▸ **ABOUT THIS TASK**
Write again exactly the lines in the listing below, starting at the line with "Isuzu 4HK1XDIBA-01 Moteur" and ending at the line with "Download Voice Changer", both included. Pictures are not copied.

▸ **DATA FOR REVIEW**
^^^^^^^^^^^^^^^^
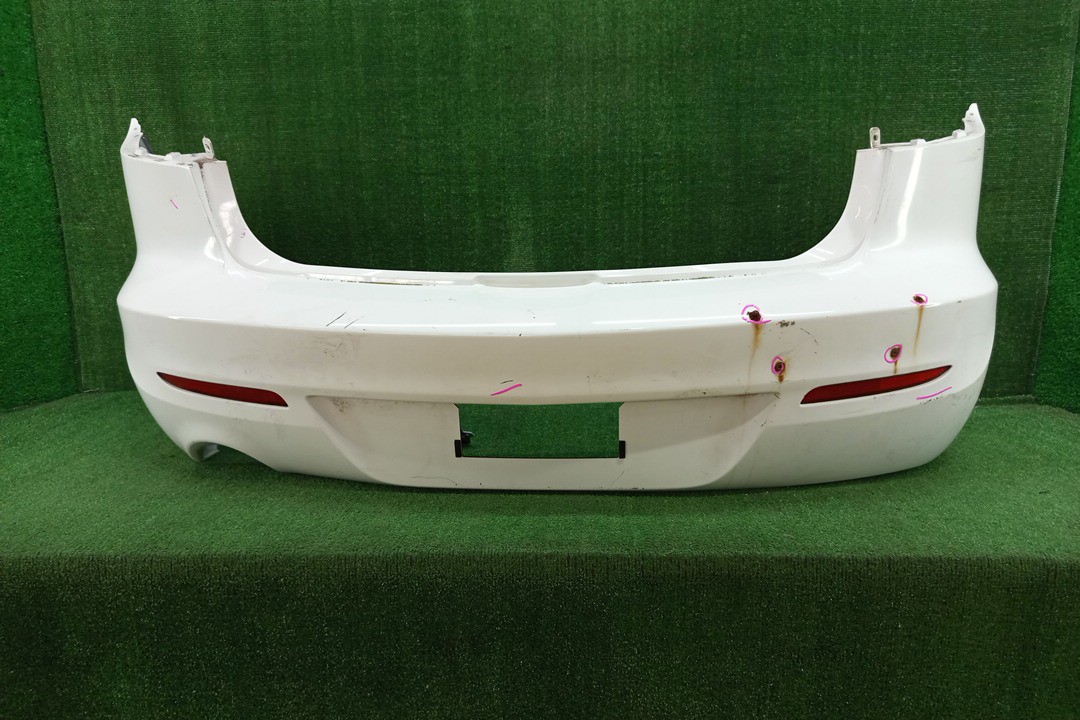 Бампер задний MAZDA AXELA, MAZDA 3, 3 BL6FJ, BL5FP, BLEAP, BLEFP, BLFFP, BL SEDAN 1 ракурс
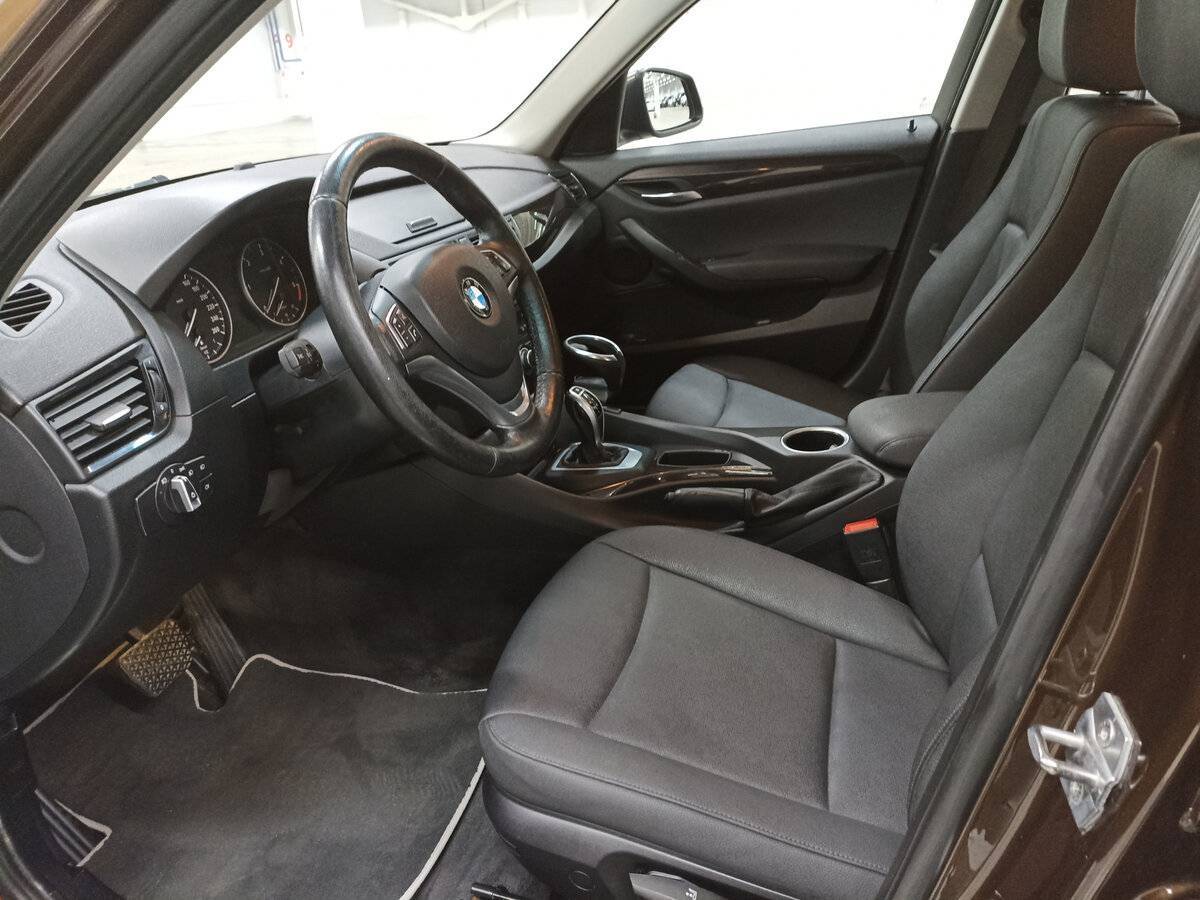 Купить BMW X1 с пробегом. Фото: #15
^^^^^^^^^^^^^^^^
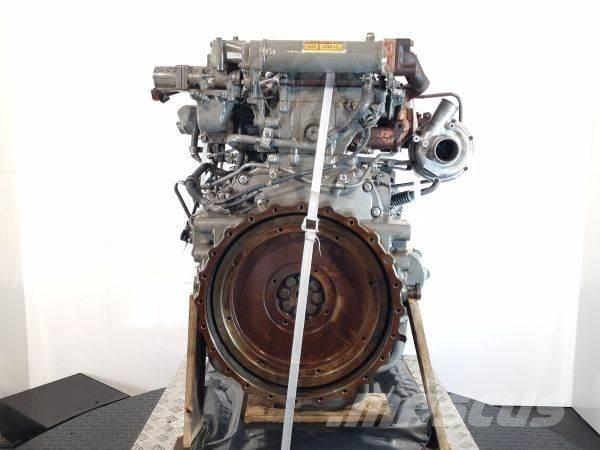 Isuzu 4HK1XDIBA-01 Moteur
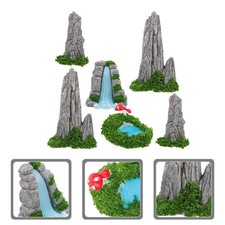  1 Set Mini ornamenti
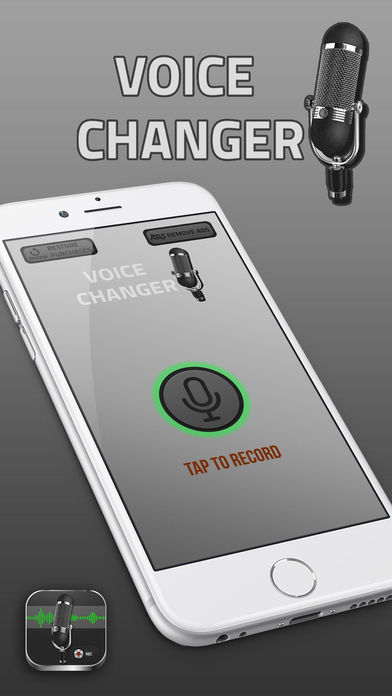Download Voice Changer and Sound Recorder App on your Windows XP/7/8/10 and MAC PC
^^^^^^^^^^^^^^^^
▸ **EXERCISE OUTPUT**
 Isuzu 4HK1XDIBA-01 Moteur
  1 Set Mini ornamenti
Download Voice Changer and Sound Recorder App on your Windows XP/7/8/10 and MAC PC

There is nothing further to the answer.